At the outset, Houston is a very flood-prone city. Houston lies on a flat plain near the ocean. The natural landscape is grassland that is drained by creeks called bayou. The city lies very close to the Gulf of Mexico, which gets very warm in the late summer, close to 87 degrees F! This warmth is transferred to the air keeping coastal areas warm and humid. The Gulf is an enormous heat and water factory. A key fact to understand is that for every one degree of temperature increase, an air mass can hold 3 % more moisture, so as the Gulf has warmed over recent years it contributes more energy and rain to hurricanes making them most intense and much wetter.
Houston might have been able to absorb this change in its natural state, but the city has grown very rapidly over the last two decades as industry has surged and jobs have been plentiful. The city prides itself on being business-friendly and as a result, it has no zoning, meaning that there are few limits on construction. A shopping mall or factory can be located right next to a housing development or a city park. As a result, the city has a massive amount of concrete, roads, parking lots, and rooftops with very little consideration paid to drainage. This contributed in a major way to flooding during Harvey as the photographs below testify. Harvey was a 1000-year event, meaning the levels of rainfall are only expected that rarely. But as it turns out, the storm was the third 500-year event in the last three years. So, it is clear that it is part of a new normal. After Harvey the city has started to make minor changes to the way it is developing requiring new homes in the floodplain to be built higher, but it still is resisting zoning measures that would keep homes out of flood-prone areas.

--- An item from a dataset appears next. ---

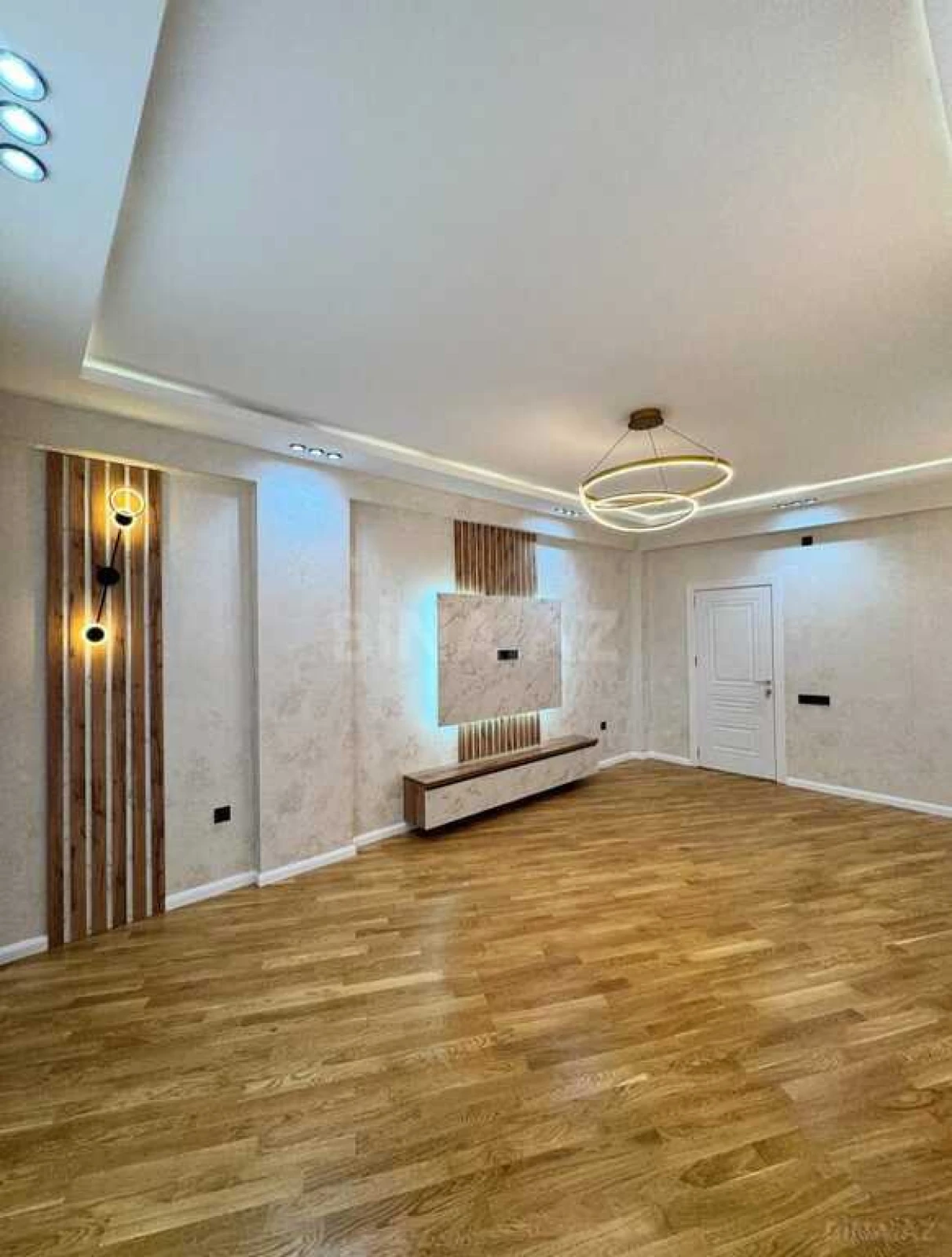 Satılır 2 otaqlı mənzil 75 m²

Hurricane Irma, September 2017
Irma arose rapidly in the tropical Atlantic and at one point it had sustained wind speeds of 185 mph. This storm intensified rapidly, which is a characteristic of a large hurricane, increasing by 45 mph in one day. hit the islands of Barbuda, Antigua, St Martin and St. Barthelemy and caused catastrophic damage in these locations. The island of Barbuda, in particular, was literally flattened. Irma next set her eyes on Cuba where it came ashore as a magnitude 5 storm with sustained winds of 160 mph and a massive storm surge. The storm led to collapsed buildings and flooding of coastal areas including the historic Malecón in Havana. Fortunately, Cuban authorities had evacuated close to a million people from low-lying areas.
A few kilometers makes a major difference in the history of a hurricane and the landfall in Cuba, which was not initially predicted, weakened the storm significantly. Initial forecasts were for Irma to come ashore near Miami with wind speeds near 155 mph, but the storm tracked a little further to the west and made landfall in the Florida Keys with maximum winds of 130 mph, then again in Marco Island on the west coast of Florida with winds of 115 mph. As it turns out, there have been far larger storms in Florida including Hurricane Andrew in 1992, which flattened the Miami suburbs. But Irma was yet another reminder of how vulnerable the state is to storms. Much of the southern half of Florida is a natural swamp or marshland that originally looked like the Everglades National Park. But as in Houston, commercial interests, and in the case of Florida, the desire of citizens to own a small piece of paradise, have led to massive construction in the last decade, runaway development with insufficient environmental regulation. So, instead of swampland that served to absorb moisture and drain it back towards the ocean, large expanses of concrete funnel it into walls of water in cities and suburbs. Mangroves forest that previously protected the coast has been flattened. In fact, the Florida environment was destroyed a long time before this as the Army Corps of Engineers modified the natural drainage to provide water for the sugar industry.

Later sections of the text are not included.